Hiring dedicated A.I. Infrastructure Engineers didn’t come from a limit to ownership, but rather from a commitment to excellence.
The A.I. infrastructure engineers are a core and central part of the A.I. team (not a separate team, and not the “code monkeys of the researchers” that I heard a few other companies have). Infrastructure engineers undergo deep learning courses in their training, and algorithm engineers undergo thorough courses about writing “clean code” and software tests. The “deep snips” (weekly professional seminars passed by the team, which I described in a previous post) are given on both worlds. This common language, and cooperation, creates a very strong team.
On top of that, there is one additional thing that I learned from letting our algorithm engineers work on pure software-engineering (and sometimes even non-software) work. When you let bright people work on anything — they come up with genius ideas to any type of tough business problem. When you let the strongest Physicist of a Talpiot cohort* and the strongest Mathematician of a Psagot cohort* work on these things, and they do it with all the passion — they find genius ways to make your processes more efficient and to make the company go ten-times faster. These ideas don’t end up running on a GPU, and sometimes even not in Python code, but rather in a Google Doc describing this new process, but they are not less genius or groundbreaking.
And for all the people who think the success of an A.I. startup is a Cinderella story of a genius Phd who thinks about an algorithm that is 10x better than everyone else’s — It’s only a very small part of the success.

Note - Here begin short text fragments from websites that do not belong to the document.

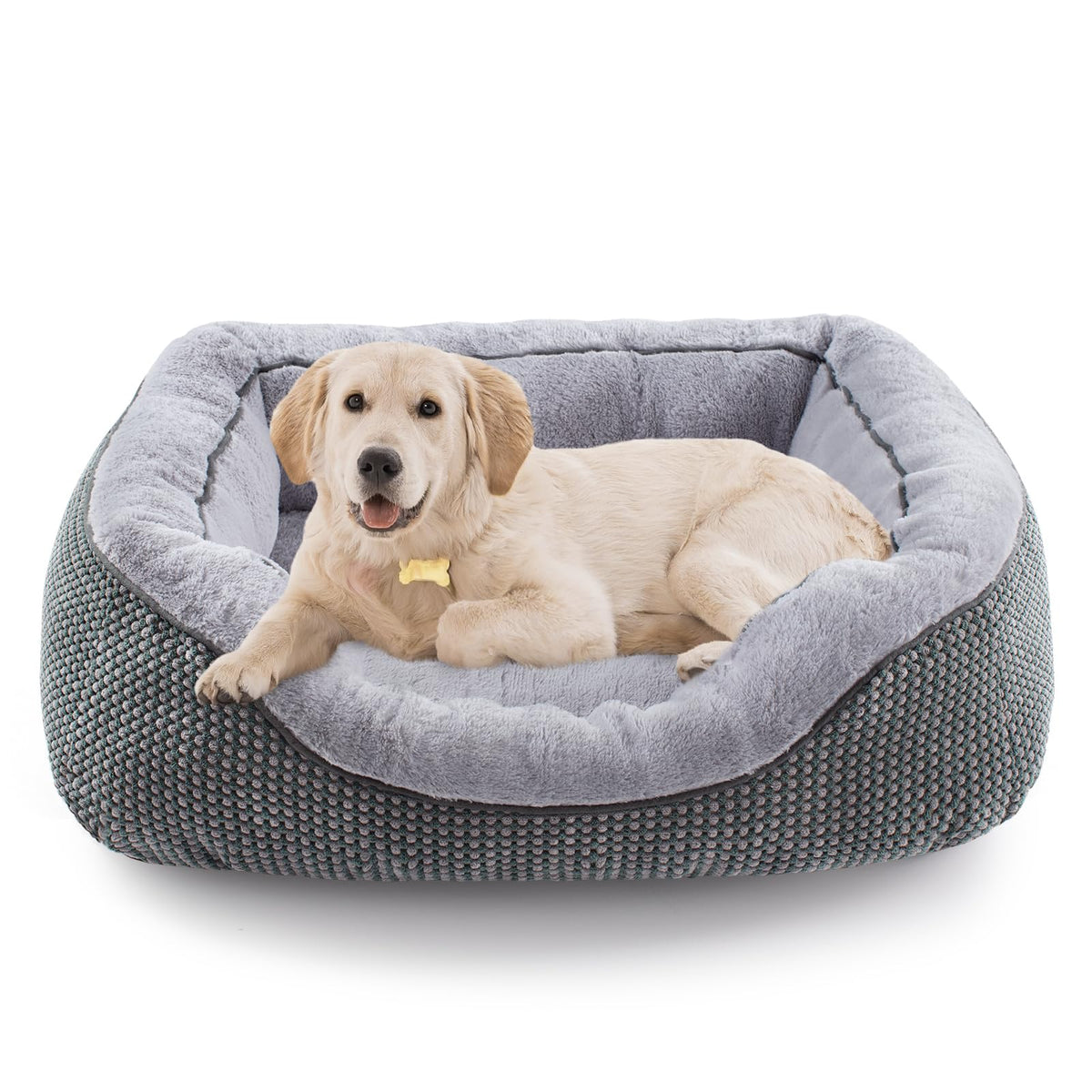 Medium Dog Bed with Raised Sides – 30" x 24" Washable Pet Bed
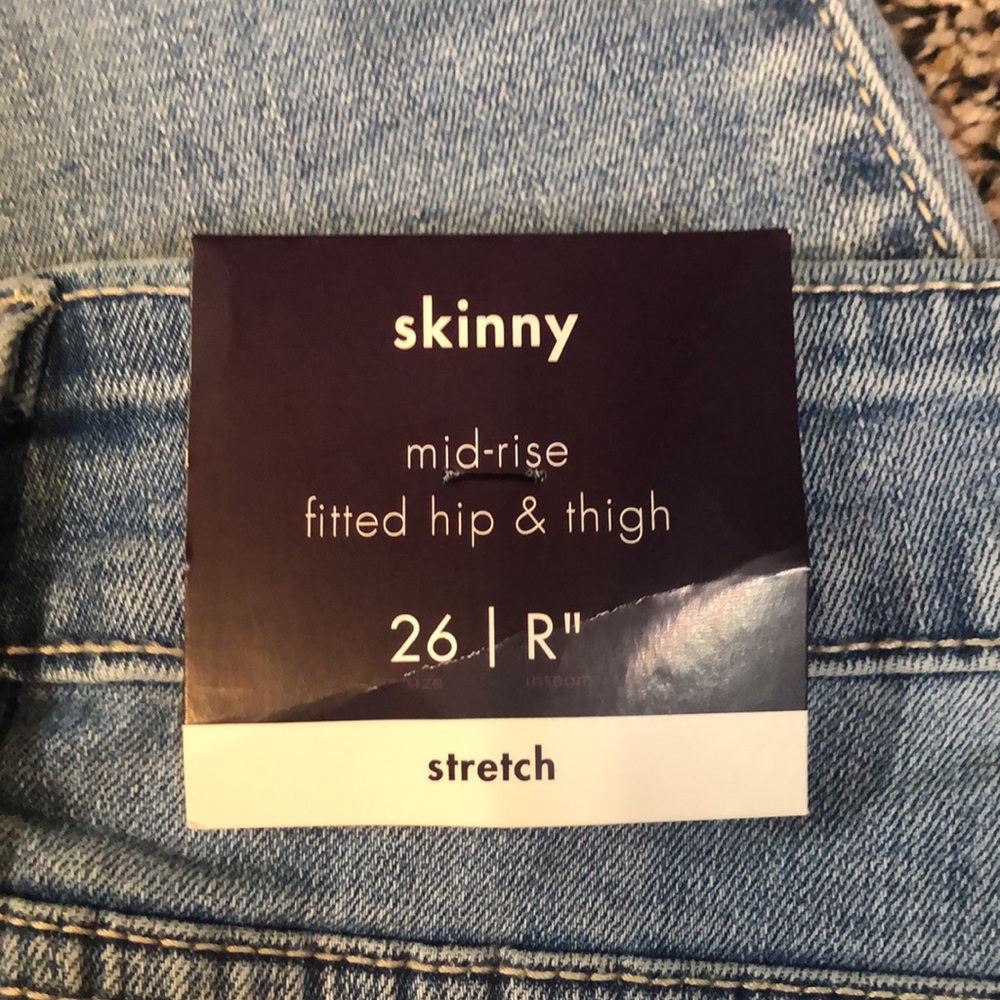 AVA & VIV Mid Rise Skinny Raw Hem Factory Distressed Plus Size Jeans  | NWT - Picture 7 of 10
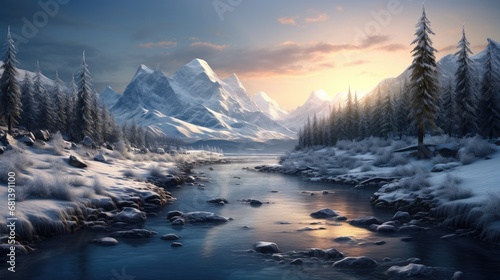 winter landscape  forest  mountains  snow falling  dawn  sunny  frozen river  snowy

Even with the best algorithms I’m pretty sure you will rarely succeed, and you will rarely deliver, and you rarely sell, and you will not scale-up fast enough if you don’t find a million small and genius tricks that make you move faster and smarter than everyone else.
My personal belief is that those companies who do whatever it takes to succeed, will also survive long enough to build algorithms that are not 10 but a 100 times better.

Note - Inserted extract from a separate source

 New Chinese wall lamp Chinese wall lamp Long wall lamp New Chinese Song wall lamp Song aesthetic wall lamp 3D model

To summarize — I know and hope there are already many teams like ours out there. But I also know that many aren’t. There are probably cases in which it’s better not to be like us, but if you feel it’s not the case for you I hope you connected to this post. If you’re a team leader or a (positive leader) team member — my advice to you is to try nurturing this type of culture and looking for this kind of people — that do what ever it takes for the task to succeed. People that say about non-algorithmic tasks: “If there’s someone better fit for a specific task that’s also available to do it in time — probably he should do it, but otherwise — I’ll do it (and if it repeats I’ll recommend my managers to recruit more software engineers).”
Don’t let the loud minority trying to set the tone for the entire A.I. community fool you. It’s more than possible to find people who will be the best A.I. researchers and prefer to work in that type of culture. It’s more than possible to find people who will be the best A.I. researchers and will be very passionate about software engineering, about writing tests, about running tests and about optimizing processes for regulatory approvals.
(*) Talpiot and Psagot are elite academic training programs.